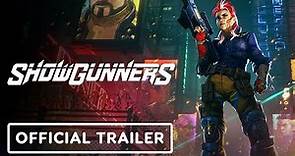 Showgunners - Official Gameplay Trailer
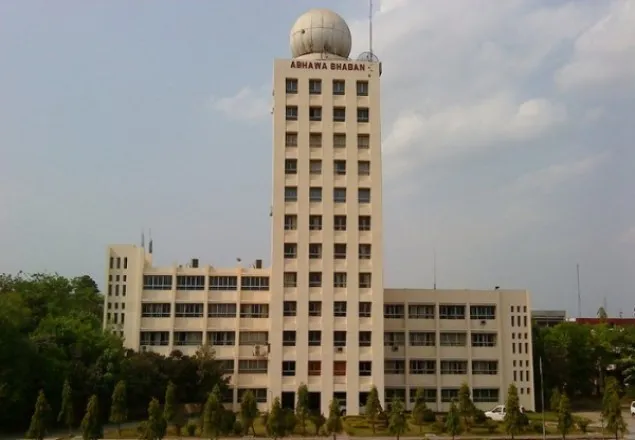 ফেব্রুয়ারির দ্বিতীয়ার্ধে ঝড় হতে পারে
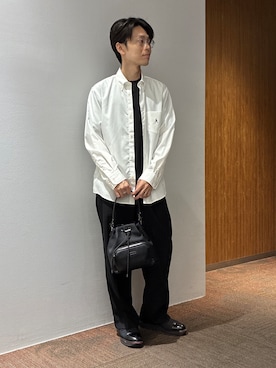 わいずみさん(メンズ・167cm)の秋コーディネート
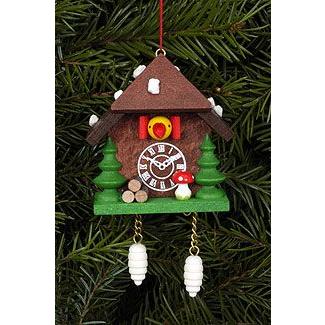 オーナメント ハト時計 |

Your task:
Return the material in full and unaltered, minus its pictures.

Solution:
 Showgunners - Official Gameplay Trailer
 ফেব্রুয়ারির দ্বিতীয়ার্ধে ঝড় হতে পারে
 わいずみさん(メンズ・167cm)の秋コーディネート
 オーナメント ハト時計 |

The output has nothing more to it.